Therma Batangas Gas Inc. of the Aboitiz Group received approval from the Energy Department to conduct a grid impact study on a proposed combined cycle gas turbine power plants in Batangas City with a total generating capacity of 1,100 megawatts.
The study will determine the impact of the entry of the three power plants to the Luzon grid.
Therma Batangas’ combined cycle gas turbine power project will have three units, with the first generating 300 MW and the second and third producing 400 MW in Barangay Libjo, Batangas City.
Aboitiz Power Corp. senior vice president and chief operating officer of corporate business group Luis Miguel Aboitiz confirmed the natural gas power plant project.
He said the company was preparing ahead of time although the “timing is not necessarily good now.”
“Empty land. Nothing there yet.
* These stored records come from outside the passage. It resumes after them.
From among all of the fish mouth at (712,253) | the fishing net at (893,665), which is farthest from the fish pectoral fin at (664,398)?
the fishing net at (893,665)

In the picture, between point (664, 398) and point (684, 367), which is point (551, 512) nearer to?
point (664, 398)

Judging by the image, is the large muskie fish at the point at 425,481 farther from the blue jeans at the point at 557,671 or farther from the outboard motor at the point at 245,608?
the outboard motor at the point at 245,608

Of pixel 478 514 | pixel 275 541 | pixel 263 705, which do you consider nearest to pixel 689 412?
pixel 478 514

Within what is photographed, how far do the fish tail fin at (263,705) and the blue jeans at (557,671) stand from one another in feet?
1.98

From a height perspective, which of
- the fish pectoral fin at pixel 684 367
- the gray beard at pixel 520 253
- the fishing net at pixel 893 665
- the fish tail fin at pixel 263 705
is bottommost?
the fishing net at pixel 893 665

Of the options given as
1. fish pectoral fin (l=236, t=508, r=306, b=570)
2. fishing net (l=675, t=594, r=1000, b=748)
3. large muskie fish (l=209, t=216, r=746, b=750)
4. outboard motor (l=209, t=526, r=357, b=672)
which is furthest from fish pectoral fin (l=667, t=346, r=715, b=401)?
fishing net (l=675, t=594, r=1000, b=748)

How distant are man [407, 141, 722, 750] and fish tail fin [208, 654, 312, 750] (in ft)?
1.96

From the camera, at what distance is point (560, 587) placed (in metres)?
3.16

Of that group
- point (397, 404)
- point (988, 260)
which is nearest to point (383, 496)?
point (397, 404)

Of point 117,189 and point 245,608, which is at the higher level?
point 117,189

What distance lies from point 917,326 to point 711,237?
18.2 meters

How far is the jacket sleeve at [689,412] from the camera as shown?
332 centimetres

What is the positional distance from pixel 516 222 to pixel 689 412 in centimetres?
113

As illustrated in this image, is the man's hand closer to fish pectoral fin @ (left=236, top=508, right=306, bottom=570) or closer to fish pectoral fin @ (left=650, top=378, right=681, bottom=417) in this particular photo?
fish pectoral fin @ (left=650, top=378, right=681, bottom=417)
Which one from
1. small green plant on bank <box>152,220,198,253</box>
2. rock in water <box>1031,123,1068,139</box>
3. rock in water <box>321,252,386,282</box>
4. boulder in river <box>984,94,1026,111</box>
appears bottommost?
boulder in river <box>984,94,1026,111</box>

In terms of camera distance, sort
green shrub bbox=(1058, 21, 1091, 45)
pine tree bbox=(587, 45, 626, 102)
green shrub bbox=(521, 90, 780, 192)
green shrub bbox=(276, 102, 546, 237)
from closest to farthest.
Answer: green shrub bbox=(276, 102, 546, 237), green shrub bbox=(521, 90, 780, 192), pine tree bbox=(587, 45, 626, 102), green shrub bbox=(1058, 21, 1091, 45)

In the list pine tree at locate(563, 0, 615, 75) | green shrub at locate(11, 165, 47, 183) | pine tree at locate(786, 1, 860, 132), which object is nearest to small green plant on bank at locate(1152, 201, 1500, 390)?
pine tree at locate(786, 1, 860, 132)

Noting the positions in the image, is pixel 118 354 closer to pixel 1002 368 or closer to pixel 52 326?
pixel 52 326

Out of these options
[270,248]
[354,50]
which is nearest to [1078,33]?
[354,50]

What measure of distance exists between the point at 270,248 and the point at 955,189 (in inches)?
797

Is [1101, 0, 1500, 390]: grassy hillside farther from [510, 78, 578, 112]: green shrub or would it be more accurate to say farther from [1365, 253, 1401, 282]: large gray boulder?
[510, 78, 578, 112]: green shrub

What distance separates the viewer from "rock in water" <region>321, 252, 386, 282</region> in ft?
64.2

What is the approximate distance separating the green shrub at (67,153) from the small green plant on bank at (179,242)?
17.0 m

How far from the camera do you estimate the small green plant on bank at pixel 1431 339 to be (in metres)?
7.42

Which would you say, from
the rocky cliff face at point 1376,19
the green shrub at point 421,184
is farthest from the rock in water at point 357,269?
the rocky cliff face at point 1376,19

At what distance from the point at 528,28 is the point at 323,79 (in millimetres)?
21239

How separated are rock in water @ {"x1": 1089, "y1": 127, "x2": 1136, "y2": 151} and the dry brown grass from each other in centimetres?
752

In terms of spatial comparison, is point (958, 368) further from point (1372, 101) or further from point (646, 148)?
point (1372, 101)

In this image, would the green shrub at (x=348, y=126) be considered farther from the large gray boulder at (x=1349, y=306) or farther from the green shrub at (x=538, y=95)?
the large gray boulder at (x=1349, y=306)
We are just getting permits,” the official said.
Parent Aboitiz Power Corp. has long expressed interest in building natural gas power plants, including liquefied natural gas, a few years ago but temporarily shelved the plan for economic reasons.
Aboitiz Power was also waiting for the release of a natural gas policy from the government.
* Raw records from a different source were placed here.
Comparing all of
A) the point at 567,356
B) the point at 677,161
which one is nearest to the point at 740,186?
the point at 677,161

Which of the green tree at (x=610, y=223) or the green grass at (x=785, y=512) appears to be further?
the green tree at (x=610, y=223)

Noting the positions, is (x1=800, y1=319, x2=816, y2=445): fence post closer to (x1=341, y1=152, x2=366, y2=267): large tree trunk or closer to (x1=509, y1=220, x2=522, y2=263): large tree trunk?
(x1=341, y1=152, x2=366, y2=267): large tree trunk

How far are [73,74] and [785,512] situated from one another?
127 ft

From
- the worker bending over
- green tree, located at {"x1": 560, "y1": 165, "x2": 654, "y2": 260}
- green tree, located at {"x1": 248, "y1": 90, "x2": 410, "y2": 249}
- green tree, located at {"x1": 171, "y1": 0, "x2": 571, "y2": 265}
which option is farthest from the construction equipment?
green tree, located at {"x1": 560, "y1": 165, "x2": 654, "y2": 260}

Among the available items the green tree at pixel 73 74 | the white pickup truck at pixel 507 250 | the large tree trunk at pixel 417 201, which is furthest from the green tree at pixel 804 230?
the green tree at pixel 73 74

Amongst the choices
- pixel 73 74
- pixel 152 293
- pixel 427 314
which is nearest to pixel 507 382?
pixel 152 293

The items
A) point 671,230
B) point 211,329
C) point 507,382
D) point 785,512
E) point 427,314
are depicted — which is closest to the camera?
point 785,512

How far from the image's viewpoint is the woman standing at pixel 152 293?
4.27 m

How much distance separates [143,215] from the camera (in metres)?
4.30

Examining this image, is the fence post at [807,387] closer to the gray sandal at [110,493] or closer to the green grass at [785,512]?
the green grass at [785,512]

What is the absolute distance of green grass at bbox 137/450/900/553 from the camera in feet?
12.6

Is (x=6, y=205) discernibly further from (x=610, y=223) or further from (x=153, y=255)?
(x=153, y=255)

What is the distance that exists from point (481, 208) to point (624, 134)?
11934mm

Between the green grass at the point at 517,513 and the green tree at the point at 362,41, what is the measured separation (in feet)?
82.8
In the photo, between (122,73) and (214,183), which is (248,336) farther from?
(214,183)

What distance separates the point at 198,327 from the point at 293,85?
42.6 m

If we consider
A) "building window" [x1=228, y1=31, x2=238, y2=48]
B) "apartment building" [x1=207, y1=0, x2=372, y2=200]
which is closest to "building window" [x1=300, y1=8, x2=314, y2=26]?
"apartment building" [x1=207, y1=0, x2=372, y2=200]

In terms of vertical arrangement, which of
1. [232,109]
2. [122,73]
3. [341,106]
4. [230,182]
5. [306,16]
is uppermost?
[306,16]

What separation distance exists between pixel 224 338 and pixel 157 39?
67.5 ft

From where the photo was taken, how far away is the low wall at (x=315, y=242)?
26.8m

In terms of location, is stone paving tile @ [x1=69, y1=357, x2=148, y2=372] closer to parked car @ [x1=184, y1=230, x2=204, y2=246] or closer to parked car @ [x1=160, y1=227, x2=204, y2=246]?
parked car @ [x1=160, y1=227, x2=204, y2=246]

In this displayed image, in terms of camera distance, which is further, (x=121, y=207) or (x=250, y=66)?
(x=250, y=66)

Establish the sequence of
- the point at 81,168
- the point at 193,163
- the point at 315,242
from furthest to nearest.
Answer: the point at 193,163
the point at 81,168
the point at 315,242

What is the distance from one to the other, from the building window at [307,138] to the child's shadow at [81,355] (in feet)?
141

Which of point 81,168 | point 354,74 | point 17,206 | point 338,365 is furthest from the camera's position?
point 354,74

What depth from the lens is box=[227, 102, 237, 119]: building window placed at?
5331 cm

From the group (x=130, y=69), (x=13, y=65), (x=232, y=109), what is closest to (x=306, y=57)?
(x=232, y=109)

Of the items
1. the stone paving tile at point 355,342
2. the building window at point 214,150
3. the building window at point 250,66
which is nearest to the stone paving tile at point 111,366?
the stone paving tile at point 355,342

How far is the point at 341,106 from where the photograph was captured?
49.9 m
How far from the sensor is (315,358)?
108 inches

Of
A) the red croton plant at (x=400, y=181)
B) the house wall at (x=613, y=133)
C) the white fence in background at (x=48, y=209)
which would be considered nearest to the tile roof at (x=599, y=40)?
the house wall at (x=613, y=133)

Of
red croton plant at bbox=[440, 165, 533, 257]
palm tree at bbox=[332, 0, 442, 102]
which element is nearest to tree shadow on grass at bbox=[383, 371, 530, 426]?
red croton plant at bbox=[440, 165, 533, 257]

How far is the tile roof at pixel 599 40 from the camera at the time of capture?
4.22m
The power industry is preparing for the eventual depletion of the Malampaya gas project in northwest Palawan by 2024.
Aboitiz Power chief executive officer Erramon Aboitiz earlier urged the government to jump-start the construction of a liquefied natural gas terminal.
An LNG terminal is estimated to cost $1 billion based on industry estimates.
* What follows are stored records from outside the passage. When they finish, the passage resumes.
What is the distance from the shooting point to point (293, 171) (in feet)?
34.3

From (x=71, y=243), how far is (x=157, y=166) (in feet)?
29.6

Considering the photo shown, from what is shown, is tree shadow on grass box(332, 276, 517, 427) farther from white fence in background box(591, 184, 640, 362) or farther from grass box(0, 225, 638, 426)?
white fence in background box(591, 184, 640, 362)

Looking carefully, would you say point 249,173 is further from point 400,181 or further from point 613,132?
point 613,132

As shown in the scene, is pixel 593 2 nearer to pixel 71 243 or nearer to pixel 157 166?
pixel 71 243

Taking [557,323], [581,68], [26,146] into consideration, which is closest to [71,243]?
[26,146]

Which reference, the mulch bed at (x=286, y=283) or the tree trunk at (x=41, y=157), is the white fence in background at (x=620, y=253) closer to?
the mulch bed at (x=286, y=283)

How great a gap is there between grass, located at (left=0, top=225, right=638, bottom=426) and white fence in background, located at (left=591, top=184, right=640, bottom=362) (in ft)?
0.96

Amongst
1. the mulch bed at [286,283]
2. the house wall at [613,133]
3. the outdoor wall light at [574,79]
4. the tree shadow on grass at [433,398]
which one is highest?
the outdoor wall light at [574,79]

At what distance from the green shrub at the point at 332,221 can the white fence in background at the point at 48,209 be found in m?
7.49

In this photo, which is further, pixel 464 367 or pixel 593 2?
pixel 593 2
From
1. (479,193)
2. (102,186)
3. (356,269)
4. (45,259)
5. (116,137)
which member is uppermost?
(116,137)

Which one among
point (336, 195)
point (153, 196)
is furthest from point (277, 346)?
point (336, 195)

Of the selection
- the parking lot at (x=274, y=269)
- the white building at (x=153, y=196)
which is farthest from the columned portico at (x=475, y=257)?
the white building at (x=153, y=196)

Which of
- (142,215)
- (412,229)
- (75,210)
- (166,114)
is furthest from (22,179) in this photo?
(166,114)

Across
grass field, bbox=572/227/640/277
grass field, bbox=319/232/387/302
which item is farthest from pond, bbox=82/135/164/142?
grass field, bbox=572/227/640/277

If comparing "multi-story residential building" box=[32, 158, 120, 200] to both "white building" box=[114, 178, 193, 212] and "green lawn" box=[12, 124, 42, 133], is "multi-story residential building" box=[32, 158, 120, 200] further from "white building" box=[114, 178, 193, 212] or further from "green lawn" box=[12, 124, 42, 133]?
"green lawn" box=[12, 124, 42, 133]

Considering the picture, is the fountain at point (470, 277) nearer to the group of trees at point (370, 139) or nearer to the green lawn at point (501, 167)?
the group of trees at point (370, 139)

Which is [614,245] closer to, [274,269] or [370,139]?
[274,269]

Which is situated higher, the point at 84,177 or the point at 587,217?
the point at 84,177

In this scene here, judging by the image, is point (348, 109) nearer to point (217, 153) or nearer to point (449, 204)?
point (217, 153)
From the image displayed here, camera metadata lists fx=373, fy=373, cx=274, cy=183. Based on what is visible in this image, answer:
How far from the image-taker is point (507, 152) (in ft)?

Aboitiz said that if government put up the LNG terminal, it meant the private sector could just purchase the fuel.
“Several groups in the power industry have been actually looking at LNG. We know that First Gen group is very big in LNG and Meralco is also looking at it but I believe all of us face the same problem, which is the cost of building a terminal of a certain size,” Aboitiz said.
“It’s massive, it’s something very difficult for one party to do that alone, maybe that’s something government should do,” he said.
“LNG makes sense from an economic point of view even if the cost of fuel is more expensive. It makes sense for peaking, mid merit operations so you will see that people will start building power plants to be able to supply that portion of the demand,” he said.